2002 American crime drama film

City by the Sea is a 2002 American crime drama film directed by Michael Caton-Jones, starring Robert De Niro, James Franco, Eliza Dushku, Frances McDormand, William Forsythe, and George Dzundza. It deals with the family problems of a wayward youth, and is set against a man trying to break free of his past. It is based on the story of Long Beach, New York, detective Vincent LaMarca.

==Plot==
Vincent LaMarca is a veteran New York City Police Department detective. When Vincent was 8 years old, his father was executed for murder because a child whom his father (also a cop but desperate for money) had kidnapped for ransom died while in his care. Vincent feels guilty for his father's deed, and has tried to redeem himself; he works hard as a cop despite the stigma of being the son of a murderer. Although he used to live in Long Beach, Vincent now lives in New York City.

Vincent's son Joey La Marca still lives in Long Beach, but he is a homeless junkie. Vincent last saw Joey 14 years ago when Vincent walked out on his son and his son's mother, and went to live alone. He has told his current girlfriend Michelle that he has no children.

Vincent's son Joey is implicated in a drug-related killing in Long Beach. Vincent is unwilling to help his son, and Michelle cannot understand why.

Joey's girlfriend Gina is struggling to stay sober for the sake of her infant son Angelo; Joey is the father of the child. Gina pleads with Vincent to try to save Joey. Gina eventually abandons the child, leaving the toddler with Vincent.

Vincent's police partner Reg is sympathetic to Vincent's situation and is trying to help Vincent clear Joey of the drug-related killing. On the basis of a tip-off, Reg and another policeman are in Long Beach searching an abandoned and ruined casino where Joey is thought to sleep, to try to take Joey for questioning. During the search, Reg is shot and killed. The second cop assumes that Joey killed Reg, and is unaware that Reg was killed by the ruthless local drug enforcer Spyder.
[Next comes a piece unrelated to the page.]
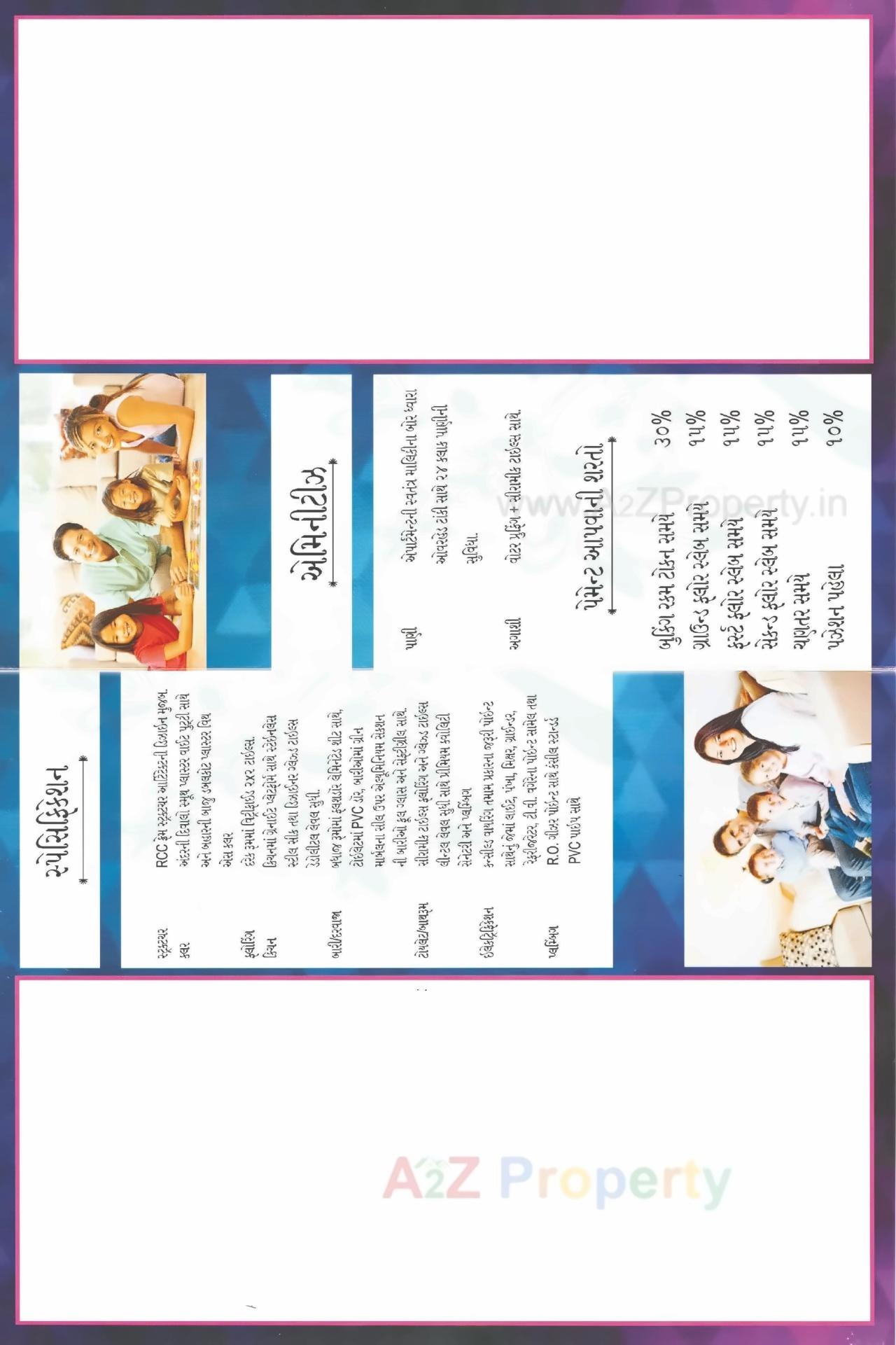  of real estate project Sai Darshan located at Vadodara, Vadodara, Gujarat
Joey is now thought to be responsible for two murders, including killing a cop. A massive police search is launched to stop this "armed and dangerous cop-killer". It looks as if the police will probably shoot and kill Joey if they can locate him.
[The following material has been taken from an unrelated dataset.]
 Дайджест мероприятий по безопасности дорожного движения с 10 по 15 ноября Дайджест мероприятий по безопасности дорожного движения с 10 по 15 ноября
Vincent decides that he has to do whatever he can to save his estranged son, but also for the sake of his little grandson, so that his grandson can grow up with a mother and a father. Vincent decides that he cannot stay "disappeared" from his son's and grandson's life in the same way his own father disappeared from his life when he was a child. Vincent discovers proof that Spyder killed Reg.

After a difficult search, Vincent finds Spyder but is now confronted at gunpoint. When Joey arrives, he fatally shoots Spyder in self-defense. Joey still does not trust Vincent, and thinks that his father merely wants to arrest him; cop first, father second. Eventually, Vincent is able to persuade his son that he cares for him. When other police aim their firearms on them, Vincent uses his own body to block his son's body so that police cannot shoot Joey without shooting him first.

Joey is arrested without violence, and father and son exchange a small smile before he is taken into custody. Afterward, Vincent adopts Angelo.

==Production==

Filming took place in early 2001. The story is primarily set in Long Beach, New York, a beachfront city on the south shore of Long Island, for which the municipal motto is "Civitas ad Mare", Latin for "City by the Sea".

However, the on-location scenes in the film that supposedly show the town of Long Beach were actually shot in Asbury Park, New Jersey. The film features many aspects of a town that appears to be partially ruined, including scenes of a shabby boardwalk and an abandoned casino/arcade building. There is a disclaimer in the credits at the end of the film that explicitly states that the film was not shot in Long Beach.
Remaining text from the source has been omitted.